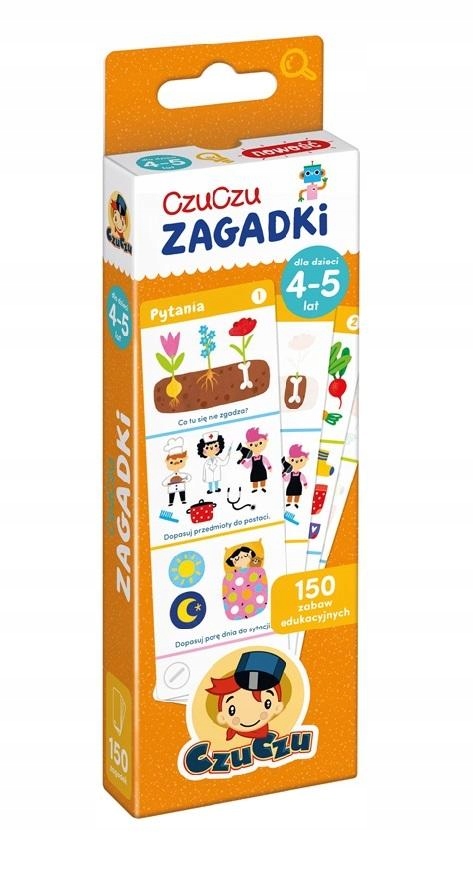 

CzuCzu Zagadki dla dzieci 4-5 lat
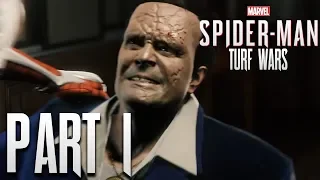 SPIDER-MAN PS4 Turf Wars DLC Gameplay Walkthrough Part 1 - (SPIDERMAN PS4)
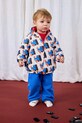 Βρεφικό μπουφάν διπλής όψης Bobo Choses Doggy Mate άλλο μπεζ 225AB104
--------------------------------------------------
- _About this task_:
Word-for-word transcript, pictures excluded: copy all the material above.

- _Task response_:
CzuCzu Zagadki dla dzieci 4-5 lat
 SPIDER-MAN PS4 Turf Wars DLC Gameplay Walkthrough Part 1 - (SPIDERMAN PS4)
 Βρεφικό μπουφάν διπλής όψης Bobo Choses Doggy Mate άλλο μπεζ 225AB104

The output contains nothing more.